Brief – Please say how many lines in the records below contain the word "Image", giving only the number.

Data records –
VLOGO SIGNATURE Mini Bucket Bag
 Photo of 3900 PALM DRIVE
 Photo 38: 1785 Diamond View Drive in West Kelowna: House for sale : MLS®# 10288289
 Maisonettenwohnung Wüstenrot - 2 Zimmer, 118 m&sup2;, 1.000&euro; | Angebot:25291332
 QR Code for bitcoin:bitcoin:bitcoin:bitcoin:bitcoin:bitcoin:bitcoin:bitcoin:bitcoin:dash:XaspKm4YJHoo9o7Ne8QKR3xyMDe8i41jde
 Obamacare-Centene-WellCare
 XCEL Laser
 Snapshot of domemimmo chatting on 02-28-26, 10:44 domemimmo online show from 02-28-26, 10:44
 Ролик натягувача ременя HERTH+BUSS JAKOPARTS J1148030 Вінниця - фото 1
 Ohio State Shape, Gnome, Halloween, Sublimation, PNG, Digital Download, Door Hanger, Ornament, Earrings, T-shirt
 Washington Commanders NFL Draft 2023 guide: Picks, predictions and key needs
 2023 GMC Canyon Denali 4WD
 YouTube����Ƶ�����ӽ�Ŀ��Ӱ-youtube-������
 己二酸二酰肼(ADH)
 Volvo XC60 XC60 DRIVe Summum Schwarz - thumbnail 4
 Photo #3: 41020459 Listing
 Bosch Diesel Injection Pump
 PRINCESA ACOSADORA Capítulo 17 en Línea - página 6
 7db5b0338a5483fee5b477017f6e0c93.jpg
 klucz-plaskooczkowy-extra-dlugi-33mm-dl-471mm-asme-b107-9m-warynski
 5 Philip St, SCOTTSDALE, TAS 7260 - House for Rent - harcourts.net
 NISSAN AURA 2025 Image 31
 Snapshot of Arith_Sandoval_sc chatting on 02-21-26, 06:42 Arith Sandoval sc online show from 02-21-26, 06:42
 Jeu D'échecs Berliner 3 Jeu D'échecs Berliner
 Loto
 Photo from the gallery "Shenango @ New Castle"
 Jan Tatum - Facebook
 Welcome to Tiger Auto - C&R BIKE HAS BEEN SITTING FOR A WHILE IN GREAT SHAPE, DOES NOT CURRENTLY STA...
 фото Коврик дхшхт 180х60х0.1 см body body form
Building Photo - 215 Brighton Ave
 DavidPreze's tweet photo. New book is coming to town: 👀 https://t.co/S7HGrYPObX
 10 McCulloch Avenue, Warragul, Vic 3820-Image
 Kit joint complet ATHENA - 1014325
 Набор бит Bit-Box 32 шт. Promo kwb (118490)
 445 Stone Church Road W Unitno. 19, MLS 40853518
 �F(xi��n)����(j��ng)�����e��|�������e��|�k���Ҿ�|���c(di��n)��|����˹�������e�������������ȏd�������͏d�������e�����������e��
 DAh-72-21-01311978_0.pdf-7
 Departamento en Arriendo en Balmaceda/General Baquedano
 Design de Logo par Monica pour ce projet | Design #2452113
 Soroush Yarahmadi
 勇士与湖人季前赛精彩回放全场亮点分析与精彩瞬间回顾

Result of the exercise – 2